▸ Prompt:
Transcribe the listing verbatim. Do not carry over any pictures.

▸ Material provided:
- - - - -

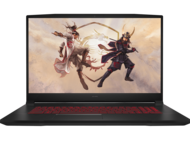 Лаптопи MSI Katana GF76 11UD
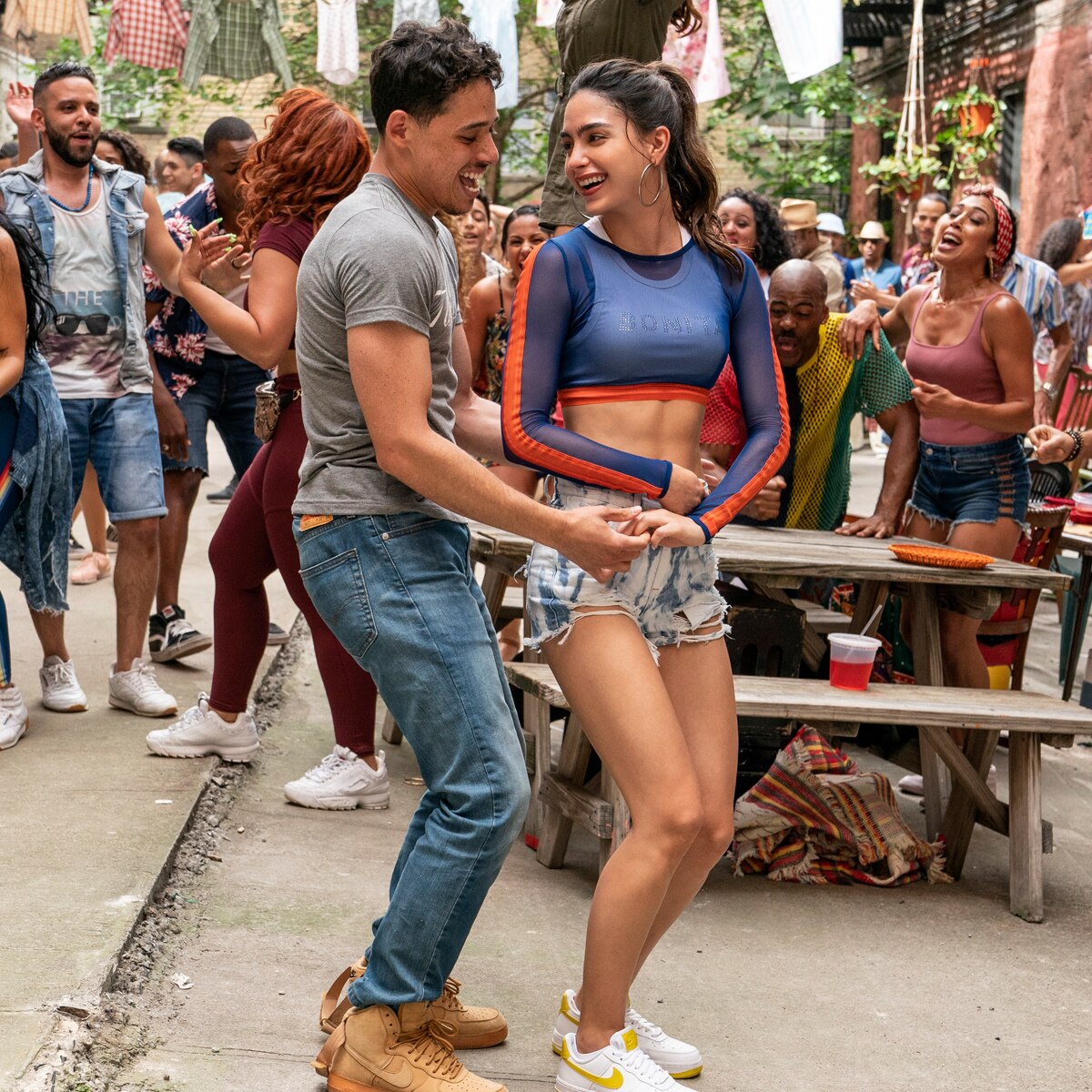 In the Heights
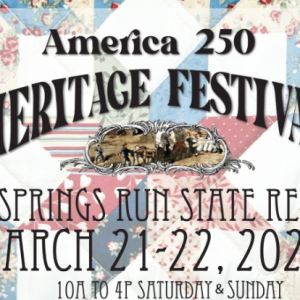 Annual East Lake Heritage Festival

- - - - -

▸ Task solution:
 Лаптопи MSI Katana GF76 11UD
 In the Heights
 Annual East Lake Heritage Festival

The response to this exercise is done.